Мама умерла утром 22 июня 1993 года. Этот день напомнил мне чем-то мой день рождения. Привычная рутина будней была нарушена, и чтобы я ни делал, все были со мной очень добры. Я знаю, неправильно говорить такое о смерти матери, но в то время я не мог избавиться от подобных мыслей.

Например, когда она умирала, я остро чувствовал необходимость «облегчить страдания». Ничем особенным, просто тем, что принято в подобных ситуациях — извиниться за то, что был таким ужасным сыном, пообещать, что буду добрее с сестрой, сказать, что люблю ее. Но я понимал, что эти слова предназначены исключительно для моего блага. Да, я хотел сказать ей то, о чем, не скажи сейчас, буду очень сожалеть впоследствии. Мне хотелось избежать будущего чувства вины. Но если это мой единственный мотив, то буду ли я действительно чувствовать себя виноватым, если все-таки не скажу ей этих слов?
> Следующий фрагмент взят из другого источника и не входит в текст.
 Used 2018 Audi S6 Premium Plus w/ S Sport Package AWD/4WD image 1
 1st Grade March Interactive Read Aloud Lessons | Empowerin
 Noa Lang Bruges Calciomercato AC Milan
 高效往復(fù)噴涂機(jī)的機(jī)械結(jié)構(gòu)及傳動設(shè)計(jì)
Конечно, я ей сказал. Точнее, пытался. Рыдания в подобной ситуации относятся к тем вещам, которых невозможно избежать даже когда вы внутренне к ним готовы. Вы понимаете, что будете плакать и… вы плачете. А дав выход слезам, трудно притвориться, что пытаешься облегчить страдания другого человека. И все заканчивается тем, что утешать уже вынуждены вас. Наверное, это самое худшее, через что проходит умирающий, — в то время, когда вы больше всего нуждаетесь в уединении, приходится проявлять заботу о чувствах тех, кого оставляете на бренной земле. Как писал Ларкин, когда речь заходит о смерти, «бесстрашие… заключается в том, чтобы не испугать других».

В день, когда она умерла, отцу и сестре почему-то было очень важно, чтобы я тоже присутствовал в момент ее смерти. Почему? Полагали, что она может смутно осознавать, что кто-то находится рядом с ней, и хотели, чтобы это была ее семья? Или в очередной раз пытались помочь мне избежать чувства вины: хотели защитить меня от неизбежных сожалений о том, что в тот момент я не был рядом с ней. А может быть, им просто хотелось, чтобы в тот день мы были все вместе. Раньше мне казалось, что смерть позволяет обнажить саму суть жизни, прорываясь сквозь пристальное изучение человеческих мотивов, но оказалось, она, наоборот, делает нас еще чувствительнее к подобным вещам. Я ожидал испытать свойственное Хемингуэю безразличие к принятым в обществе формальностям, а закончил, чувствуя себя словно Джейн Остен.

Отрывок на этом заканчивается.